START PROVIDED RECORDS

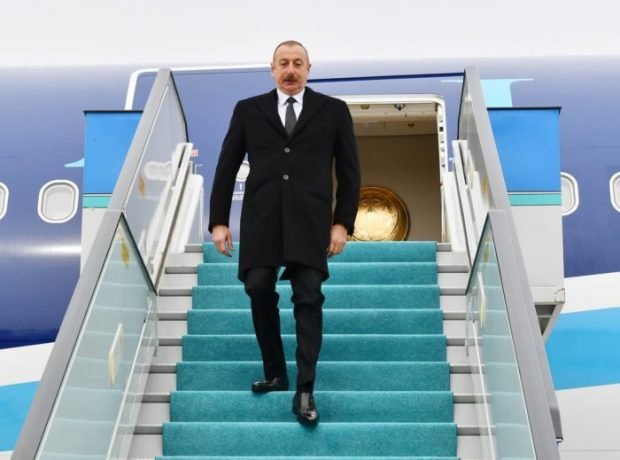 İlham Əliyev Qırğızıstana səfərə gedib İlham Əliyev Qırğızıstana səfərə gedib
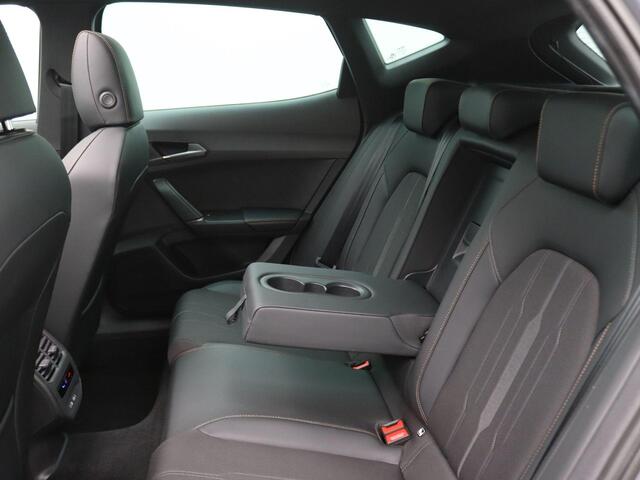 Cupra Formentor 1.4 e-Hybrid Performance 204PK DSG Pano-Schuifdak, Adaptieve Cruise Controle, 360gr. Camera, Stoel-Stuurverwarming, Keyless, Side Assist, 19" LM Velgen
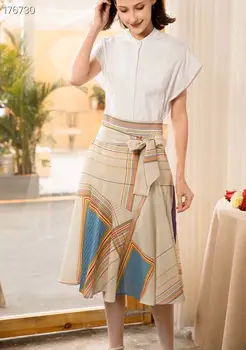 Runway Fashion Women Skirt 2020 Ladies Vintage Skirt High Quality Plaid Print Mid-Calf Ruffled A-Line Skirt
Runway Fashion Women Skirt 2020 Ladies Vintage Skirt High Quality Plaid Print Mid-Calf Ruffled A-Line Skirt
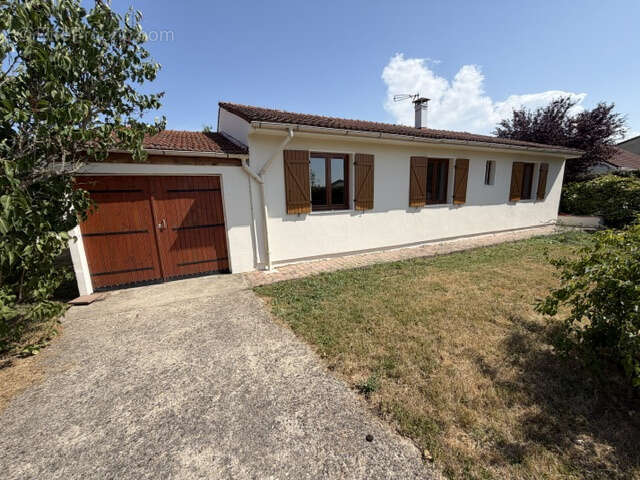 Maison de plain-pied avec garage sur terrain de 900 M2 - photo 4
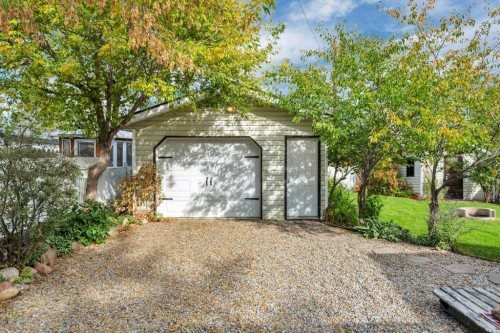 4618 51 Avenue, Rimbey, AB 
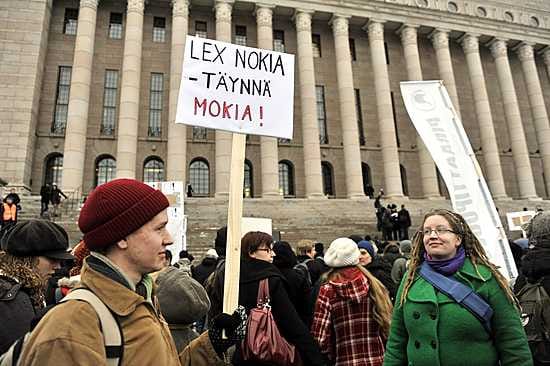 Keskusrikospoliisi ja eduskunnan lakivaliokunnan puheenjohtaja Heidi Hautala (vihr.) liittyivät lakiesityksen arvostelijoiden joukkoon. Kuva on lakiesitystä vastustavasta mielenosoituksesta helmikuun alussa.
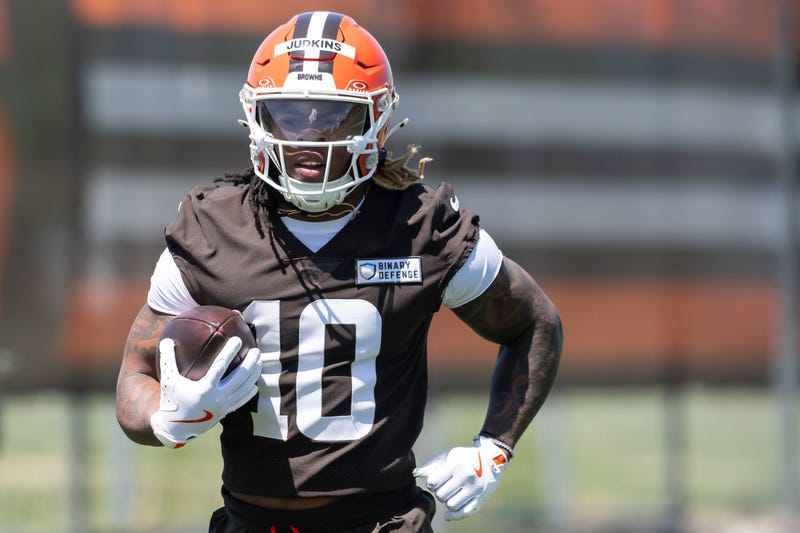 May 9, 2025; Berea, OH, USA; Cleveland Browns running back Quinshon Judkins (10) runs with the ball during rookie minicamp at CrossCountry Mortgage Campus. 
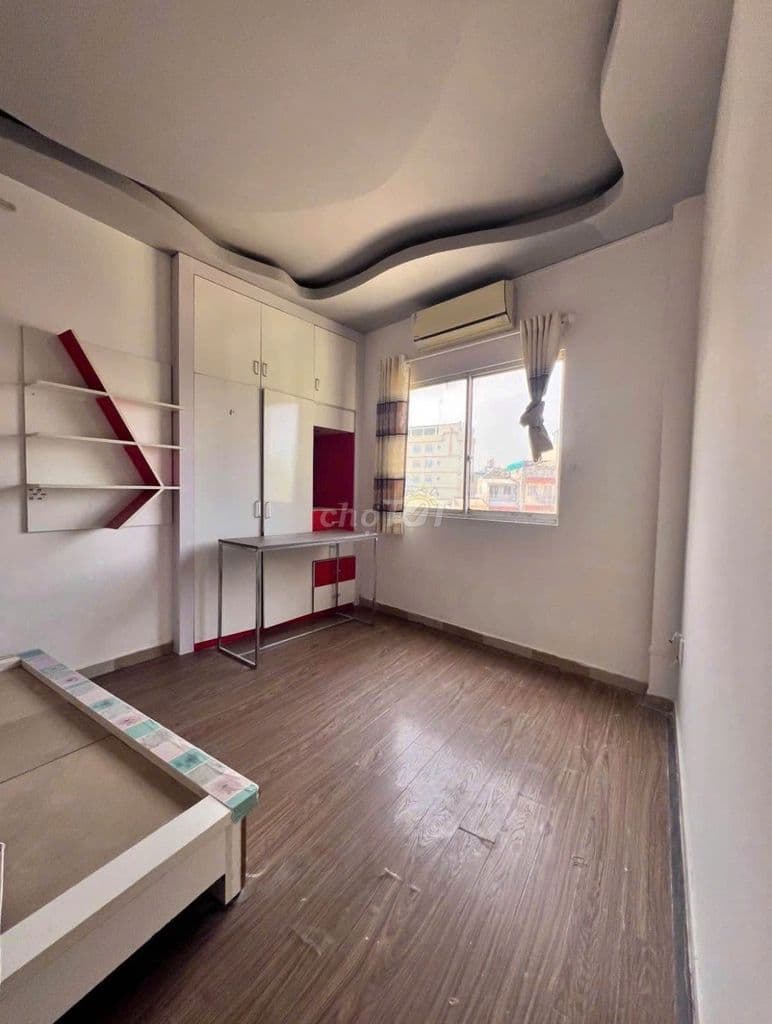 Bán nhà đẹp CMT8, Q3, 1T1L, 3PN, DT 52m2 Giá 2ty720, hẻm Oto - Ảnh 3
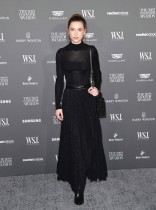 عارضة الأزياء الأمريكية إيف جوبز لدى وصولها لحضور حفل جوائز وول ستريت جورنال 2022 في متحف الفن الحديث بنيويورك -ا ف ب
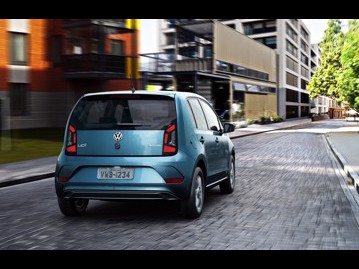 volkswagen up-10-12v-eflex-move-up-imotion-2018 traseira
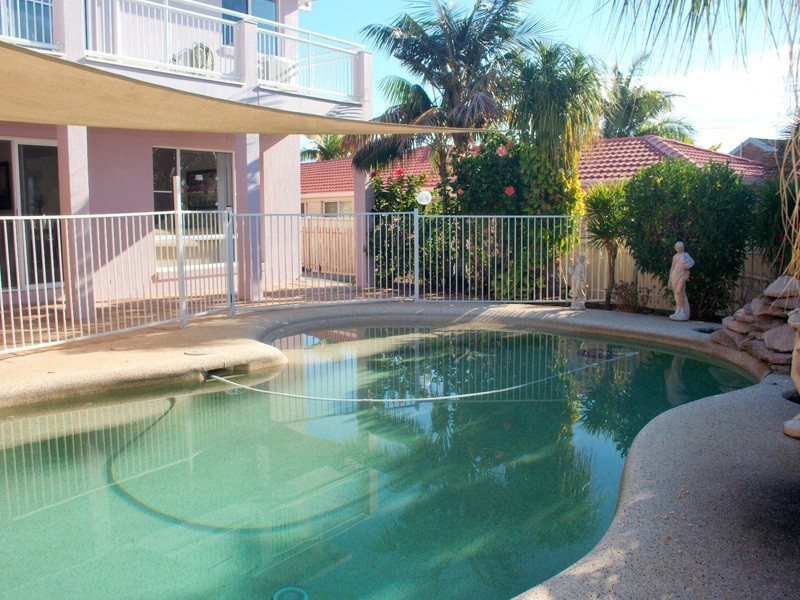 32 Woolmere Street, Carrara QLD 4211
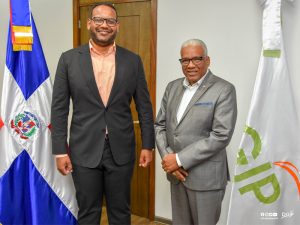 El director general de Jubilaciones y Pensiones a Cargo del Estado, licenciado Juan Rosa, recibió en su despacho al subdirector general del programa Supérate, Waylly Lewis, acompañado de su asistente Yanet García, a los fines de tratar temas de interés institucionales.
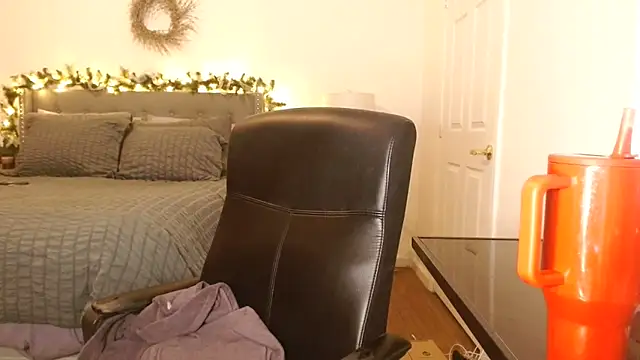 AlyssiaAmoreXO webcam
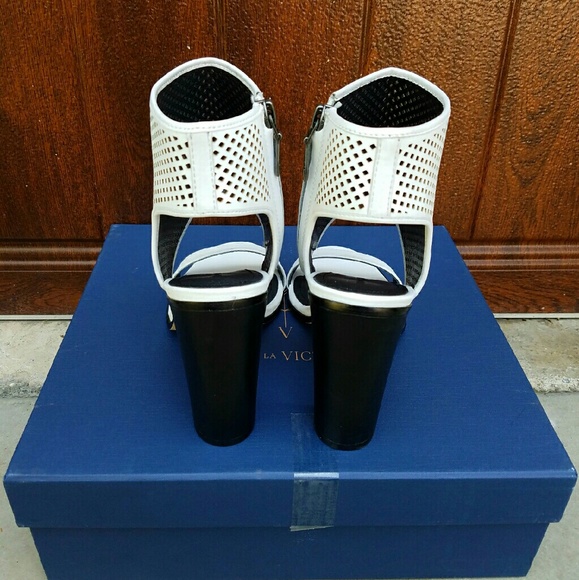 Gorgeous Pour La Victoire Sandals - Picture 4 of 4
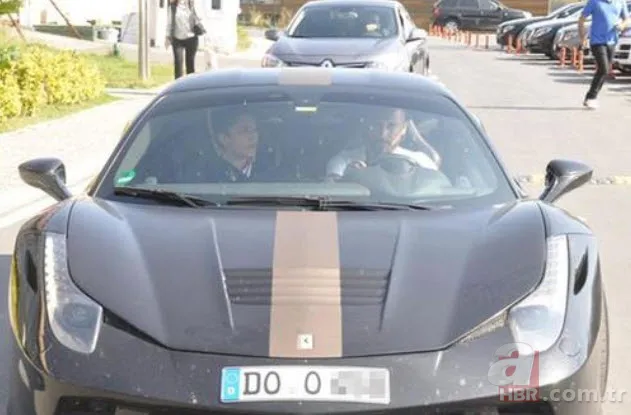 Hakan Çalhanoğlu'nun süper lüks otomobili! İşte futbolcuların arabaları 11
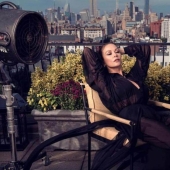 Increíbles vistas, enormes habitaciones y un mar de orquídeas rosadas: visitando a Catherine Zeta-Jones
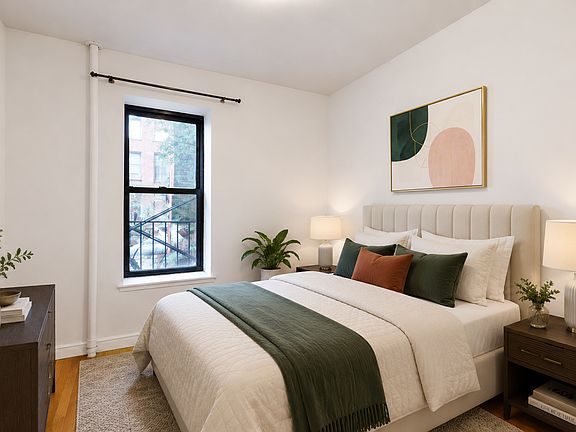 2nd image of 240 Waverly Pl APT 4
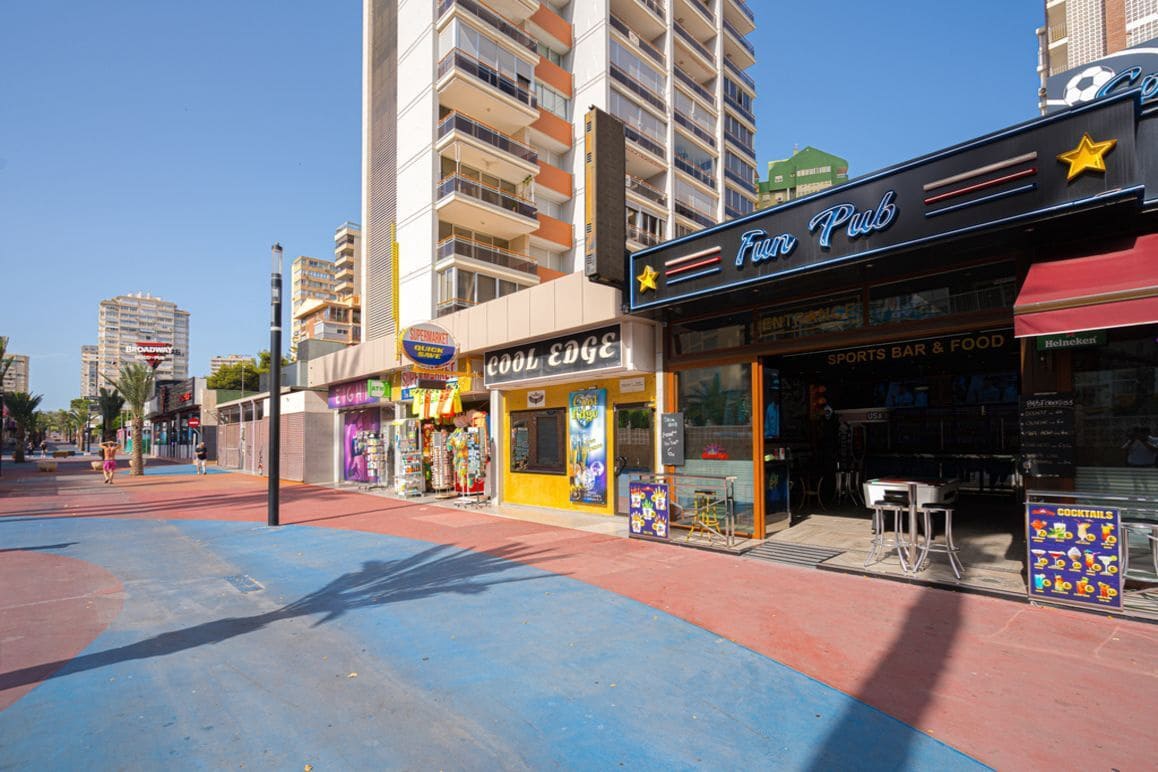 1 Zimmer Apartment zu verkaufen in Benidorm mit Pool Garage - 345.000 € (Ref: 9656788)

END PROVIDED RECORDS

WHAT TO PRODUCE — What are the lines above from the one with "Cupra Formentor 1.4" to the one with "4618 51 Avenue, Rimbey, AB", both included? Reproduce them exactly, without pictures.

EXERCISE ANSWER —
 Cupra Formentor 1.4 e-Hybrid Performance 204PK DSG Pano-Schuifdak, Adaptieve Cruise Controle, 360gr. Camera, Stoel-Stuurverwarming, Keyless, Side Assist, 19" LM Velgen
 Runway Fashion Women Skirt 2020 Ladies Vintage Skirt High Quality Plaid Print Mid-Calf Ruffled A-Line Skirt
Runway Fashion Women Skirt 2020 Ladies Vintage Skirt High Quality Plaid Print Mid-Calf Ruffled A-Line Skirt
 Maison de plain-pied avec garage sur terrain de 900 M2 - photo 4
 4618 51 Avenue, Rimbey, AB 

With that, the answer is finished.